> **Task directions**
Could you please retype all of the records exactly, skipping any pictures?
Records supplied Start Marker
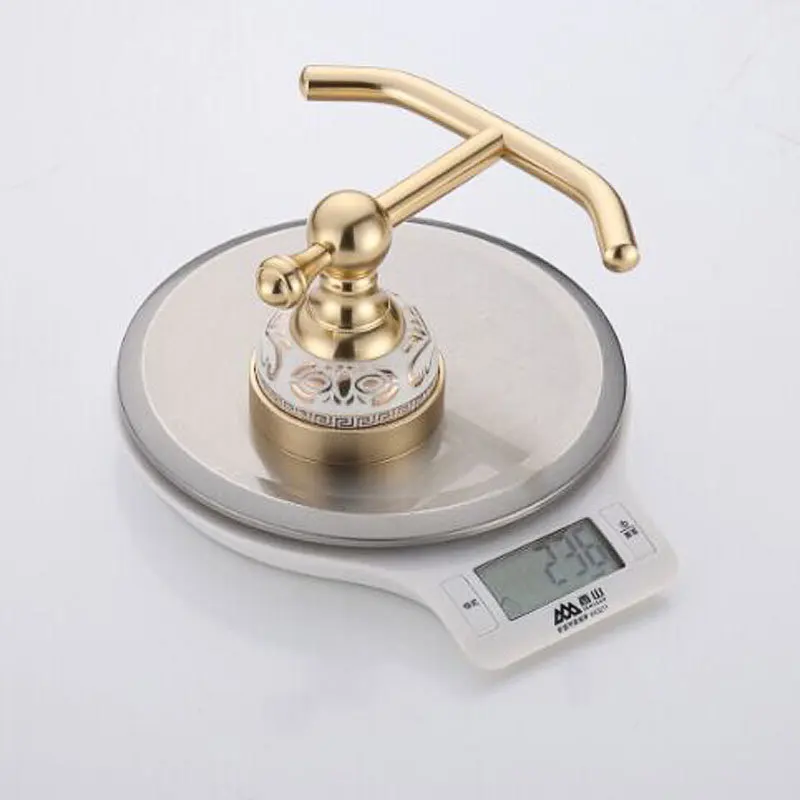 1 шт. золотистые алюминиевые вешалки для одежды|robe hook|bathroom accessorieshook towel |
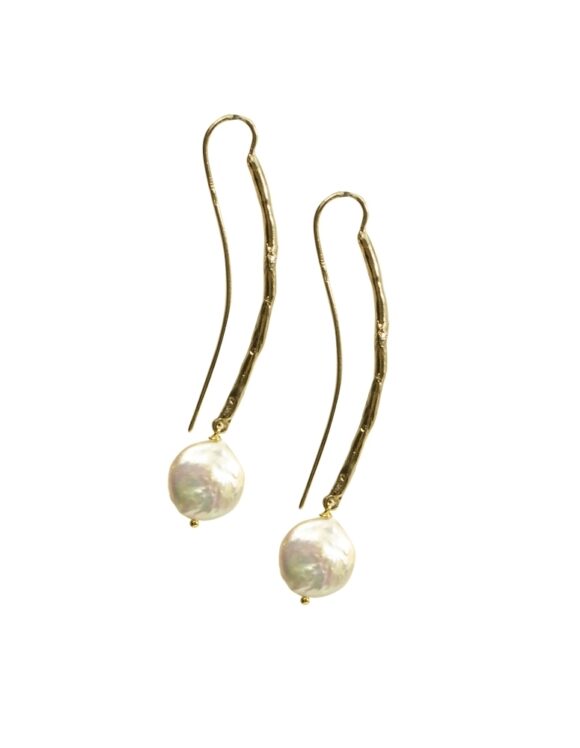 Silver Earrings 925, Pearl-0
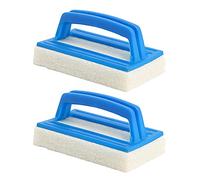 ACHANFLY 2 Pièces Nettoyant Ligne d'eau Piscine Brosse Balai Eponge Piscine Ligne deau Multifonctionnelle Nettoyant Liner Piscines pour Nettoyer Piscines Spa Baignoires Murs (14.5 * 8.5cm)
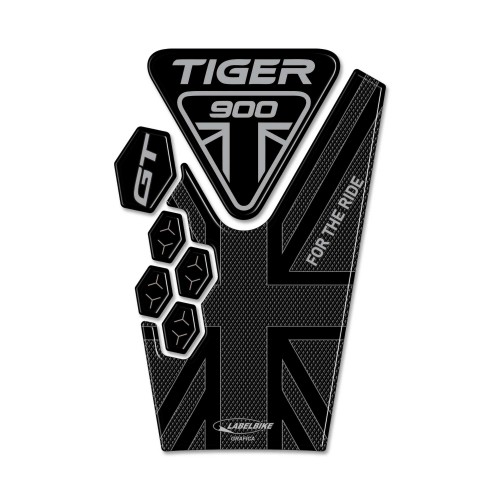 Adhesivo para el depósito alto de la moto Triumph Tiger 900 GT Compatible 2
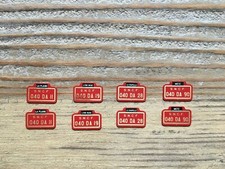 AMJL PAIRE PLAQUES POUR 040 DA ÉCHELLE 0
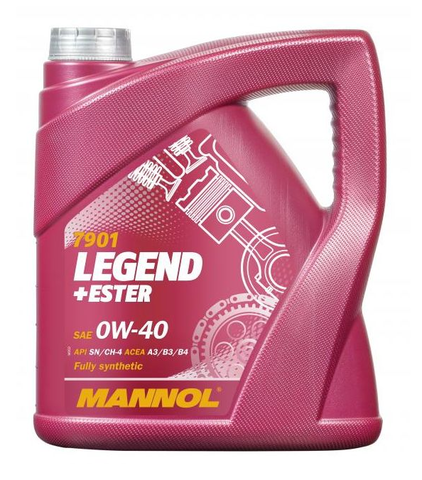 СИНТЕТИЧЕСКОЕ МОТОРНОЕ МАСЛО MANNOL LEGEND ESTER 0W-40 4 Л. MN7901-4 (1001) (Аналог 2261, 105892)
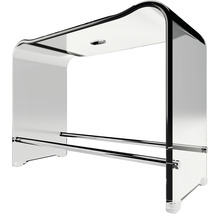 Transparante badkamerkruk met handdoekhouders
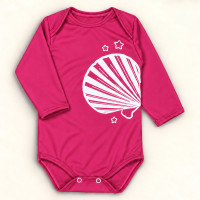 Conjunto Bebê Com Proteção Solar Body Uv50+ E Boné Pink Concha de 3 Meses a 1 Ano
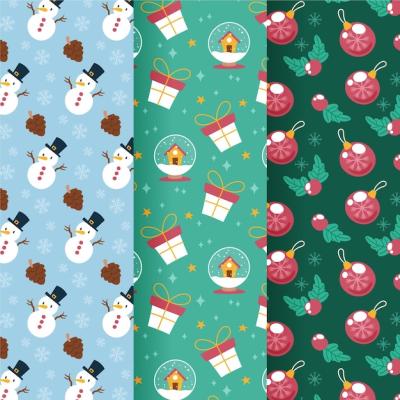 Hand Drawn Christmas Pattern Collection – Free Stock Photo for Download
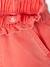 Pantalon fille style paperbag Lyocell fluide corail+kaki+rose - vertbaudet enfant 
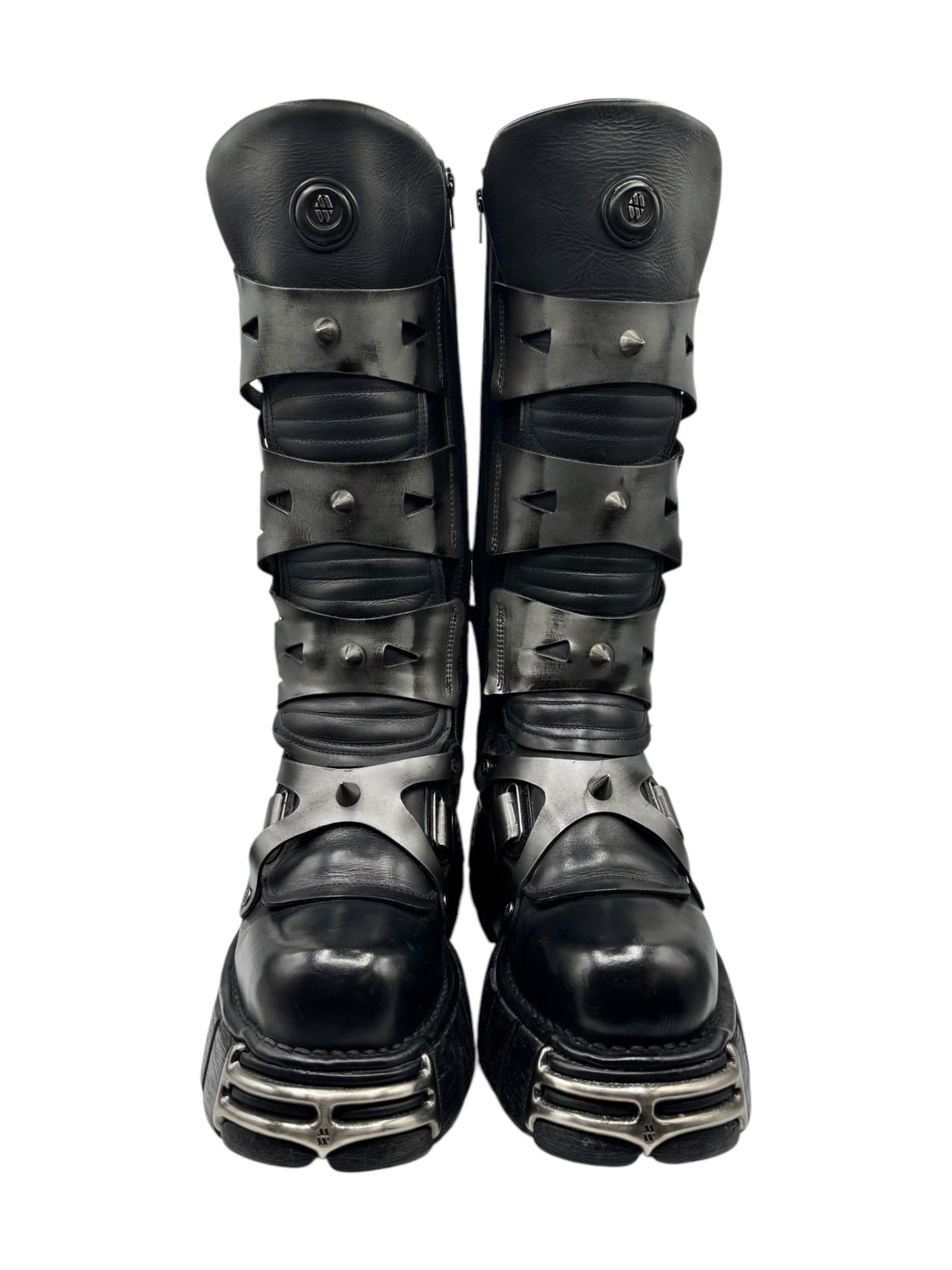 Vintage New Rock M-735-C10 knee high boots size 42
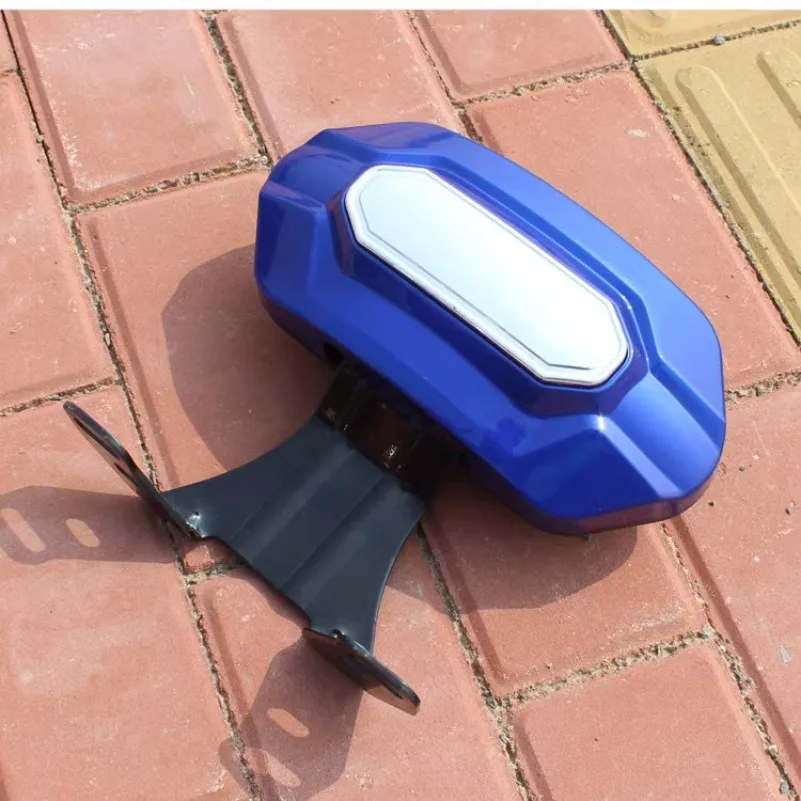 Universal Motorbike Drivers Backrest Stainless Steel Durable Back Rest Pad Passenger Seat Cushion Motorcycle Parts Accessories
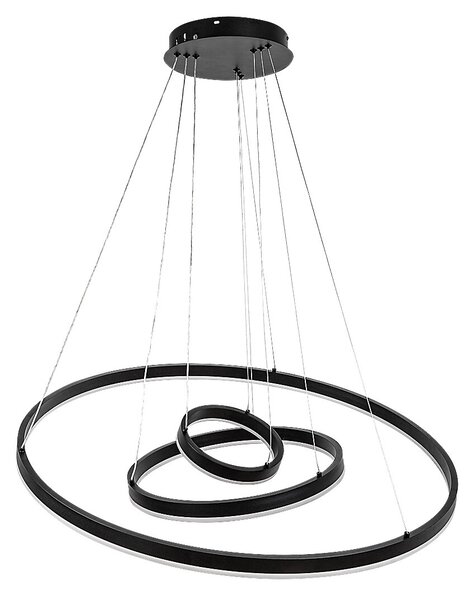 Rabalux Černé závěsné LED svítidlo Isaure 800mm 100W CCT s DO 72306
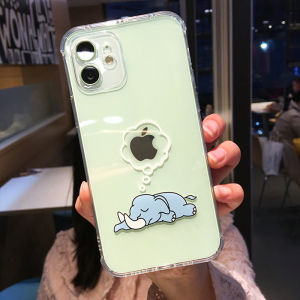 Ốp lưng điện thoại iphone trong suốt hình voi dành cho ip 6/6plus/6s/7/7plus/8/8plus/x/xs/xr/xsmax/11/12/13/14/mini/pro/max/plus/promax - Shopbo247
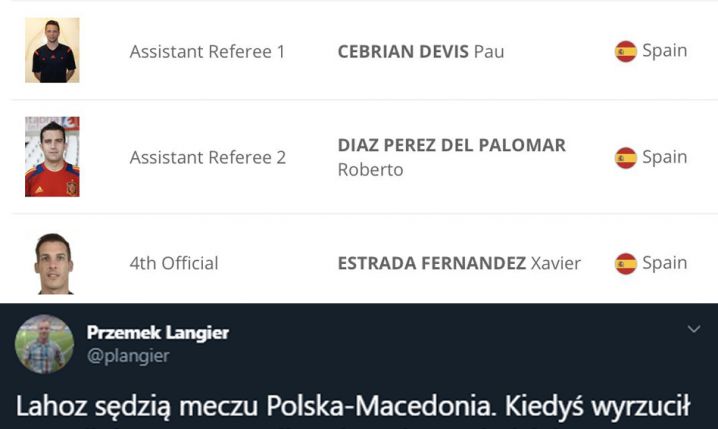 Znamy już sędziego meczu Polska - Macedonia Północna! xD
Records supplied End Marker
> **Exercise response**
 1 шт. золотистые алюминиевые вешалки для одежды|robe hook|bathroom accessorieshook towel |
 Silver Earrings 925, Pearl-0
 ACHANFLY 2 Pièces Nettoyant Ligne d'eau Piscine Brosse Balai Eponge Piscine Ligne deau Multifonctionnelle Nettoyant Liner Piscines pour Nettoyer Piscines Spa Baignoires Murs (14.5 * 8.5cm)
 Adhesivo para el depósito alto de la moto Triumph Tiger 900 GT Compatible 2
 AMJL PAIRE PLAQUES POUR 040 DA ÉCHELLE 0
 СИНТЕТИЧЕСКОЕ МОТОРНОЕ МАСЛО MANNOL LEGEND ESTER 0W-40 4 Л. MN7901-4 (1001) (Аналог 2261, 105892)
 Transparante badkamerkruk met handdoekhouders
 Conjunto Bebê Com Proteção Solar Body Uv50+ E Boné Pink Concha de 3 Meses a 1 Ano
 Hand Drawn Christmas Pattern Collection – Free Stock Photo for Download
 Pantalon fille style paperbag Lyocell fluide corail+kaki+rose - vertbaudet enfant 
 Vintage New Rock M-735-C10 knee high boots size 42
 Universal Motorbike Drivers Backrest Stainless Steel Durable Back Rest Pad Passenger Seat Cushion Motorcycle Parts Accessories
 Rabalux Černé závěsné LED svítidlo Isaure 800mm 100W CCT s DO 72306
 Ốp lưng điện thoại iphone trong suốt hình voi dành cho ip 6/6plus/6s/7/7plus/8/8plus/x/xs/xr/xsmax/11/12/13/14/mini/pro/max/plus/promax - Shopbo247
 Znamy już sędziego meczu Polska - Macedonia Północna! xD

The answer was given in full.